→ Work instruction
Below is some data. Retype exactly the lines starting at the one with "Powerflex PFF32-103-25 www.srbpower.com" and ending at the one with "A. Lattanzio vs".
#### Recorded information ####
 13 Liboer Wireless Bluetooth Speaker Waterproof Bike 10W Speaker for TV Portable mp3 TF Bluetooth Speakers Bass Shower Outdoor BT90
####
#### Recorded information ####
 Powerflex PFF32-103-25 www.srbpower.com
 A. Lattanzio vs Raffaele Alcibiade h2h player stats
####
#### Recorded information ####
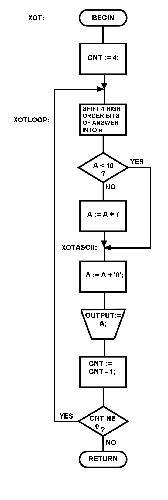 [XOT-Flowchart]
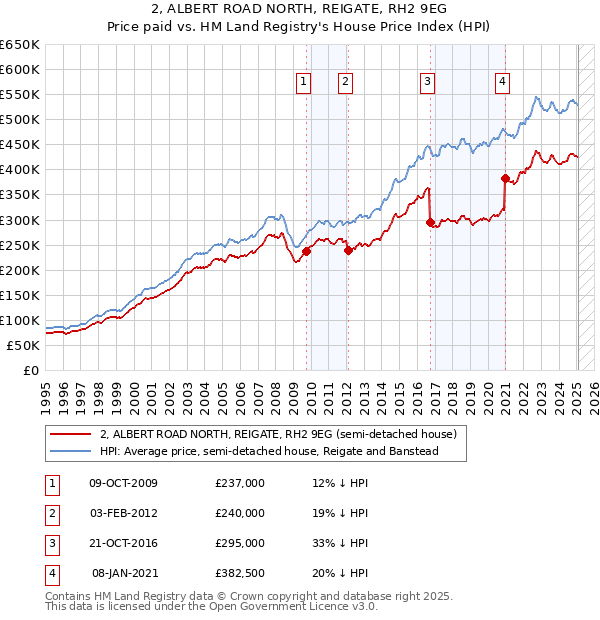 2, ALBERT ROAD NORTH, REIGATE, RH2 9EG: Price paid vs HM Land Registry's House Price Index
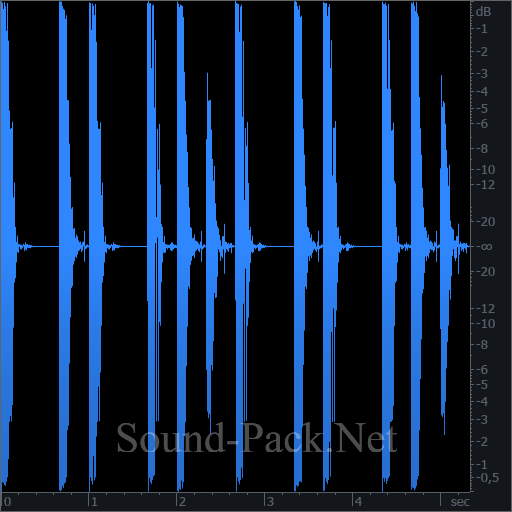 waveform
####
→ Answer space
 Powerflex PFF32-103-25 www.srbpower.com
 A. Lattanzio vs Raffaele Alcibiade h2h player stats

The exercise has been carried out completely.